Он злился ужасно. И я однажды пошутил над ним. Когда мы снимались в «Бриллиантовой руке», в Баку, нашу съемочную группу пригласили в гости актеры местного драматического театра и устроили, нам вечер. Мы сидели за столом, я произнес тост: «Товарищи! Вы, знаете, что есть замечательные артисты — Миронова и Менакер. Так вот, здесь присутствует... (Миронов весь позеленел, замер)... артист Анатолий Папанов, за которого я поднимаю этот тост!» Миронов мне кулак показывал, а вся группа смеялась, потому что все знали его слабость.
Помню, на «Бриллиантовой руке» мы с ним долго спорили. Андрей мне говорил: «Вам повезло с песней — ее все будут петь, а мою не будут». Я возражал: «Почему? Песня прекрасная, и мы ее в группе уже поем». «Нет,— уверял меня Андрей,— ваша все равно быстрее дойдет». Интересно, что его песню Гайдай хотел убрать, хотя фонограмма была уже записана. «Получается вставной номер», — говорил он. Но мы всей группой упрашивали его оставить песню. Когда эпизод стали снимать и Миронов под фонограмму начал танцевать, для меня было просто открытием то, как он двигается. А когда сделали первый дубль, вся съемочная группа аплодировала. Все были удивлены и поражены, его выступление захватило всех. Но и в каждом следующем дубле он находил что-нибудь новое, импровизировал. После выхода на экран «Бриллиантовой руки» звезда Миронова на небосклоне стала подниматься, его признали.

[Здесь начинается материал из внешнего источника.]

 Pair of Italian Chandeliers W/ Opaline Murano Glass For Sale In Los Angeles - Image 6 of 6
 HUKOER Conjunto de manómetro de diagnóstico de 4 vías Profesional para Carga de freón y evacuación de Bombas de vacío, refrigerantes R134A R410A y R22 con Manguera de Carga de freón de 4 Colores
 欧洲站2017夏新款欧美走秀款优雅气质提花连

Конечно, больше всего меня привлекал в нем его юмор. Он любил острить, сам ценил шутку, анекдот, комическую ситуацию. Как-то на съемках я вспомнил старый одесский анекдот. Мать говорит мальчику: «Вот, Яшенька, учись хорошо. Если будешь хорошо учиться, то в честь тебя назовут какую-нибудь вещь. Например, назвали Сёма-лет, Пиня-сос, Циля-визор; люди прославились, и в честь них дали названия». Андрей тут же подхватил: «Беня-диктин». И пошло... Мы изощрялись как могли, а выиграть должен был тот, кто придумает последним, когда уже все иссякнут. И вот, когда фантазия у всех истощилась, ночью раздался у нас в номере звонок, и Андрей сказал: «Семья: мама-Лыга, папа-Роса, Апель-сынчик». Сказал и положил трубку. Его признали победителем.

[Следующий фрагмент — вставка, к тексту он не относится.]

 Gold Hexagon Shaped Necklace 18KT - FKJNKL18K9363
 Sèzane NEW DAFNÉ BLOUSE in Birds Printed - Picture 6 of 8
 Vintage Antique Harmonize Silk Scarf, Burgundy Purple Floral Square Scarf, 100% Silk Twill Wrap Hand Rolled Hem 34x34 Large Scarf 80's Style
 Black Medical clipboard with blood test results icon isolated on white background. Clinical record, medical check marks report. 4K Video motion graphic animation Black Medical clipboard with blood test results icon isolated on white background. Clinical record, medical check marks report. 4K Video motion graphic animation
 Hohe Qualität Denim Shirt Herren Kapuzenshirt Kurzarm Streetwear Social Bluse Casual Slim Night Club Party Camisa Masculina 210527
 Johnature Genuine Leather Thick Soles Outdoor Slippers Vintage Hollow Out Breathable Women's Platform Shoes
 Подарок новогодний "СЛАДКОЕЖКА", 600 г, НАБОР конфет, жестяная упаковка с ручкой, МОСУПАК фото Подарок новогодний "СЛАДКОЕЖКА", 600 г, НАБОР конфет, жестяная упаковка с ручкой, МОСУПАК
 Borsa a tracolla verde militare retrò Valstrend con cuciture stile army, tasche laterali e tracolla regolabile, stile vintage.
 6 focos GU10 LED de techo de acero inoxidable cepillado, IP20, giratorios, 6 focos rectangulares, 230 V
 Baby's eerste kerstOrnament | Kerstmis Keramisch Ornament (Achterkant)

Помню, мы возвращались из Баку со съемок (снимались в старом городе, на берегу: ветер и песок, песок...). И вот вечером сели в поезд и поехали. Мы с Андреем были в одном купе. Все легли спать. Через какое-то время я вдруг проснулся, посмотрел в окно и закричал: «Смотрите, травка, травка!» И с верхней полки раздался спокойный голос Андрея: «Озверевший лирик».
Он рассказывал в лицах, изображал всех, перевоплощался... Это было неповторимо!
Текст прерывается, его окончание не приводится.